#### TRY IT:
Please output the line that contains "Рубашка c жабо" and all later lines of the material, exactly, through the end.

#### PROVIDED INFORMATION:

########

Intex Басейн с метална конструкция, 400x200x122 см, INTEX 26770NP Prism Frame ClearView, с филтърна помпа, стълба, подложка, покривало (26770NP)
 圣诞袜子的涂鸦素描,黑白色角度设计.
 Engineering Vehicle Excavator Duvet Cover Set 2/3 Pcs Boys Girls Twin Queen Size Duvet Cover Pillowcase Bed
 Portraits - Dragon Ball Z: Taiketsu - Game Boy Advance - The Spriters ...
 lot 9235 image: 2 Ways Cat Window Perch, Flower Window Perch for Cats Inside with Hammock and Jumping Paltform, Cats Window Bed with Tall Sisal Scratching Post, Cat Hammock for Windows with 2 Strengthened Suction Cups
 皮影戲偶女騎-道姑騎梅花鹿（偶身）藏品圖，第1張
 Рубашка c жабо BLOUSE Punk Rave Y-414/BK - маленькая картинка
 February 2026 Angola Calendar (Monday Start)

########

#### ANSWER SECTION:
 Рубашка c жабо BLOUSE Punk Rave Y-414/BK - маленькая картинка
 February 2026 Angola Calendar (Monday Start)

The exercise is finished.